A Volt in the dark: Alan Heathcock’s “Volt” wins Whiting Writing Award

Courtesy of Marri Champié

Alan Heathcock, instructor of creative writing at Boise State, has traveled a life-long path woven of darkness and light on his writing journey—a journey which arrived this week in New York. The Whiting Writing Award is given each year to ten emerging writers in fiction, nonfiction, poetry and playwriting, and on Tuesday, Oct. 23, this esteemed literary award went to Heathcock. Heathcock’s book of short stories, “Volt,” published in 2011 by Graywolf Press, is a disquieting study of people who struggle to move from darkness into the light, and the author has conducted their journey with a masterful and empathetic pen.

Since 1985, the Mrs. Giles Whiting Foundation has supported creative writing and writers with awards of $50,000 to each recipient. Candidates are proposed by nominators from across the country and chosen by a small committee of writers, literary scholars and editors.

The Whiting Awards committee said Heathcock’s stories are,  “intense …harrowing …gorgeous, muscular prose, (wherein) Heathcock paints a mythic vision of rural America that, for all its horror, evokes a deep and genuine sympathy that won’t let you turn away.”

And rarely has anyone turned away from “Volt.” In the year and a half since the book’s well-attended launch party in Boise, Idaho, Heathcock’s collection of stories has been validated by 13 major writing and literary awards. The list is impressive: Publisher’s Weekly Best Book 2011, Chicago Tribune Best Book 2011, New York Times Editors’ Choice and the recently announced, GLCA New Writers Award, are a few of the book’s premium accolades.

Heathcock agreed his stories are “harrowing,” but said he doesn’t write just to give emphasis to the darkness in people. At the many readings he has done in the last year and a half of book tours, Heathcock read the horrific story, Smoke—a tale of accidental murder, inspired by an incident that occurred to Heathcock’s grandfather. The characters in the eight stories that comprise “Volt,” are condensed from the unforgiving shadows in every man’s soul because, Heathcock said, “everyone has something dark inside them. But, …their ultimate need is to find a way out of the horror their lives have become.”

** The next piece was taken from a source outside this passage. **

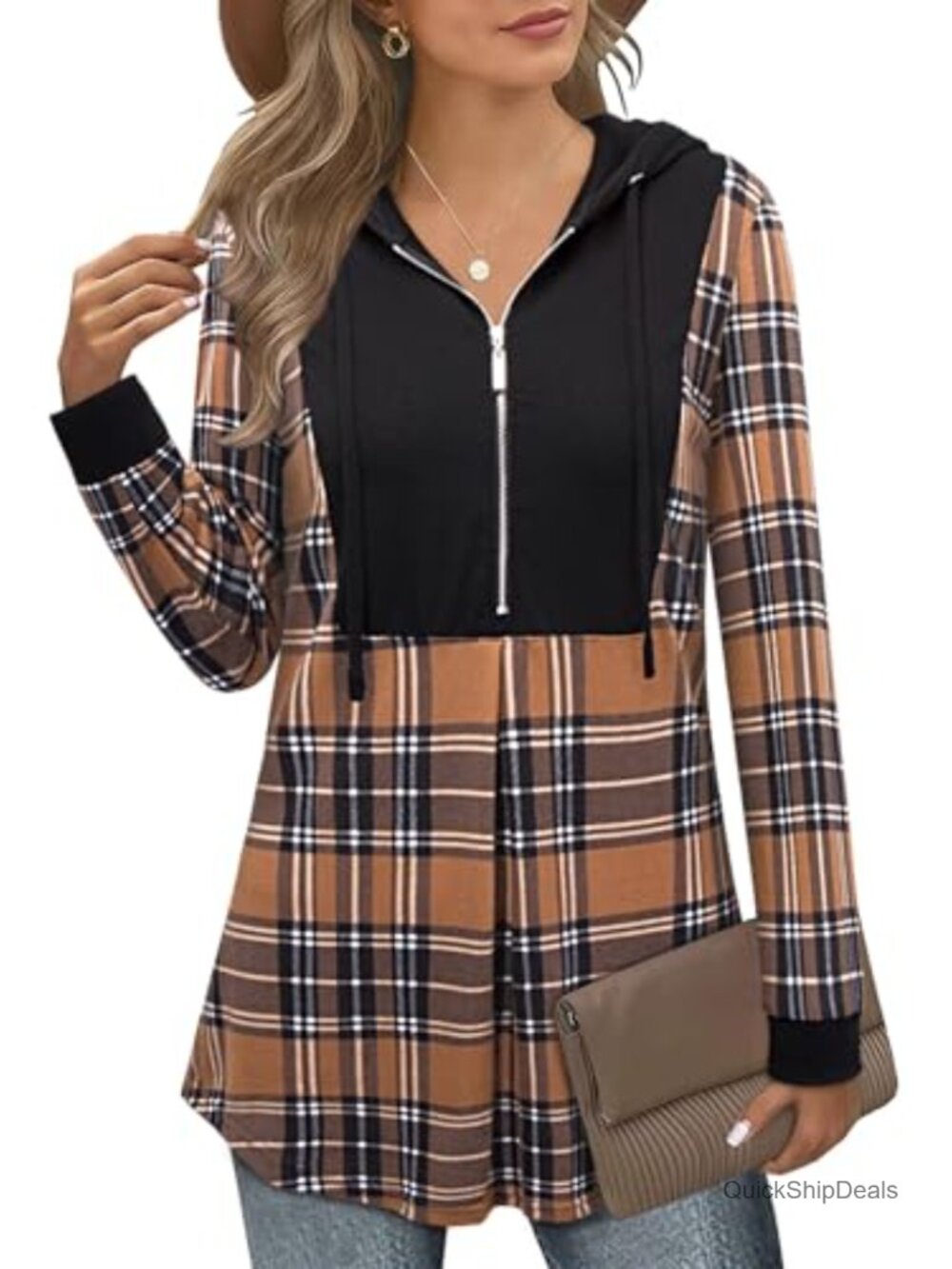 Quarter Zip Hoodie Pullover Long Sleeve Color Block Tunic Sweatshirt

“People who know me now, but don’t know how I grew up in Chicago, think of me as a happy, funny guy,” Heathcock said. “They don’t know what awful experiences I might have had. But how well do you know anybody? As you get older you understand that you’ve misunderstood who someone is, that you didn’t know what was inside them.”

At an interview with Heathcock last week on the Boise State campus, Heathcock sported his characteristic fedora and dark-rimmed glasses. His gaze was intense

and personal as he leaned close to speak in his confident, articulate manner. Heathcock spoke easily about the journey that led to this award.

“I feel completely in balance now,” Heathcock said. “Since I completed “Volt,” I’m now free to be just the happy guy who loves his family, loves his wife. I’m in the exact right place right now and I’m very grateful for that, but I’m also very protective of that.”

Heathcock continued to discuss themes present in “Volt.”

“The biggest frustration with the book is that people have focused so much on the darkness in the stories that they have missed out that in every story there is a deep desire to not want to be in pain, and there is a lacing of love throughout the whole thing,” he said. “It’s about people who want to heal themselves.”

Long-time friend, writer Anthony Doerr, whose book “A Memory Wall” was A Notable Book of 2010 in the New York Times, was a year behind Heathcock in graduate school.

When Heathcock had his first story accepted for publication at a literary magazine called the Cresecent Review, it surprised no one.

“But then Al did something sort of amazing, something legendary,” Doerr said. “Something that has marked his path as a writer ever since.”

Heathcock withdrew his story from this respected literary magazine because the magazine refused to let him revise the piece before they published it. According to Doerr, Heathcock told him, “I just didn’t think it was done.

“His first big publication, something we’d all been working toward for years, news any of us would have happily consumed a few bottles of wine over, and he withdrew it,” Doerr said. “This was Al’s commitment to making his work live up to his standards.”

It took 10 years for Heathcock to finish the stories in Volt because working to his own standard isn’t something which can be done in a hurry.

Heathcock calls this standard “optimizing.” In his fiction workshops, he imparts this passion for “optimizing a story” to the students. He mentors each writer with his joy of writing. Most of his students are familiar with Heathcock’s work and the often sinister turns of his story plots. If a draft doesn’t seem to be working, or falls flat somehow, the students will jokingly suggest the writer should add a murder or some other dark twist to optimize the story.

But Heathcock emphatically made it clear optimizing isn’t only about dark deeds or the blackness in peoples’ souls, but also about the love and light they seek to counter all of this.

And the Whiting Award is proof Alan Heathcock has indeed optimized his writing with his life and arrived at the exact right place.